Decide por América del Sur porque su tío Barbato emigra a Argentina ya en la década de 1920, lo que sugiere una situación óptima para él y su familia. De hecho, tan pronto como llegó a Sudamérica, encontró un trabajo en una fábrica de azulejos y luego lo usó como operador en la compañía involucrada en la construcción de la línea ferroviaria.

Su casa en Piaggine está ubicada en las "costas" detrás del "timbre" donde la madre de Alicia espera una llamada de su esposo junto con su primera hija Angela, de quien está embarazada para poder reunirse con su padre.

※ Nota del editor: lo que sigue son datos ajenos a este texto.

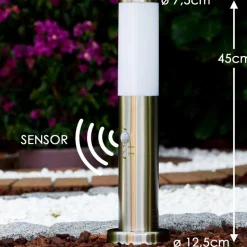 Borne D'Eclairage Caserta Acier Inoxydable, 1 Lumiere, Detecteur De Mouvement
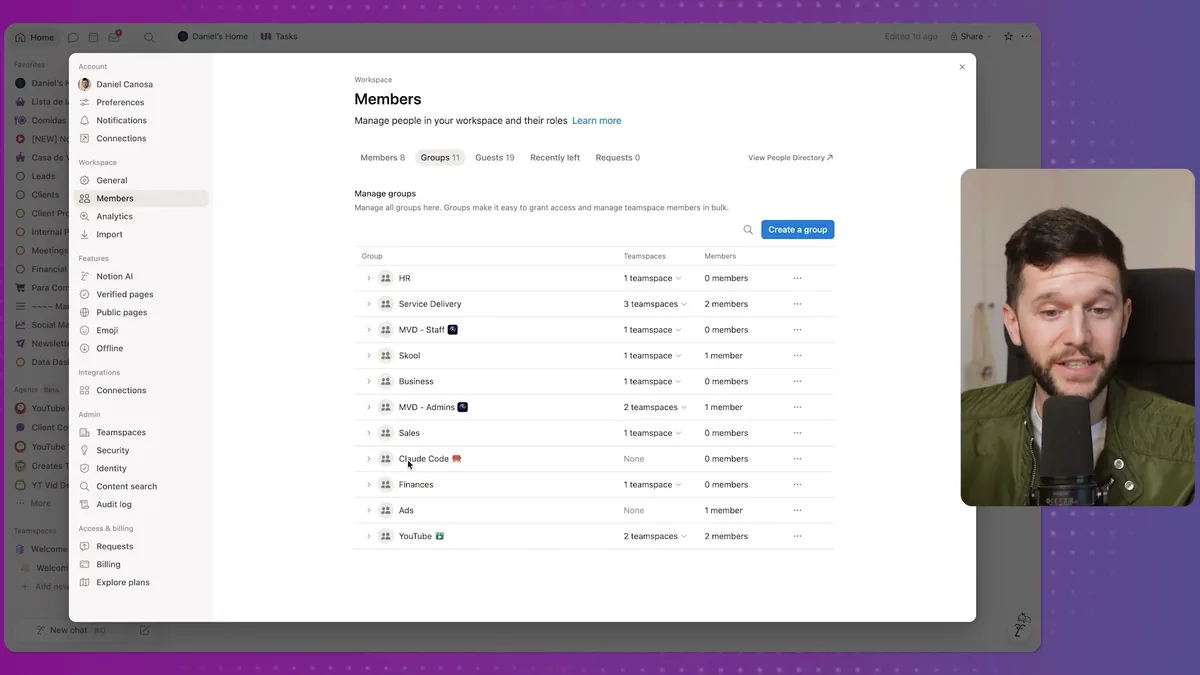 Notion workspace Members settings showing the Groups tab with multiple member groups listed, including the Claude Code group visible in the table with 0 members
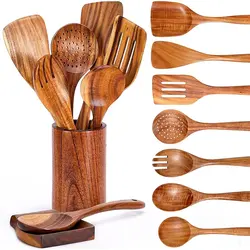 High quality natural acacia wood kitchen accessories Cookware wooden kitchen utensils cookware wooden tableware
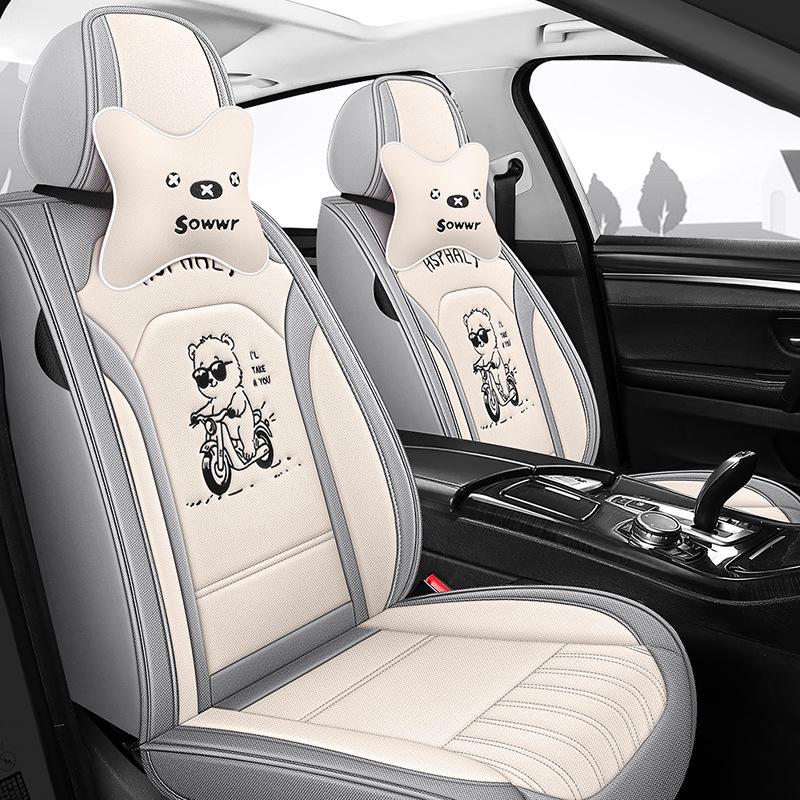 All-Season Linen Car Seat Cover - Breathable, Full Coverage with Cute Cartoon Design for Autumn/Winter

Mamá sale de Génova y llega a Buenos Aires con el barco de Castelverde para reunirse con su esposo. El padre está feliz de que nazca una mujer porque no habrá obligación de responder al llamado militar y posiblemente ir a la guerra. Incluso la llegada de su segunda hija, Alicia, lo hace feliz por la misma razón.

La madre trabaja en casa haciendo suéteres con una máquina que compraron específicamente para implementar los ingresos de la familia y cuidar a las hijas. Compran tierras, construyen sus hogares allí y viven sus vidas sin demasiados golpes.

Angela y Alicia asisten a las escuelas de Lobos, un pequeño centro donde el tío Barbato ya ha establecido su actividad como contratista de obras. Alicia conoce a su futuro esposo, Omar Furesi, de origen Marches. Él no trabaja y hoy se dedica a la educación de los hijos, primeros y nietos.

En Argentina, las personas son menos trabajadoras que en Italia, pero son hermosas. En Italia, el lugar que más recuerda con cariño es Piaggine y todos los países vecinos cuyos nombres se recuerdan con gran precisión. Ha viajado por toda Italia, pero si tuviera que elegir un lugar para vivir, elegiría Salerno con su Corso Vittorio Emanuele y su hermoso paseo marítimo.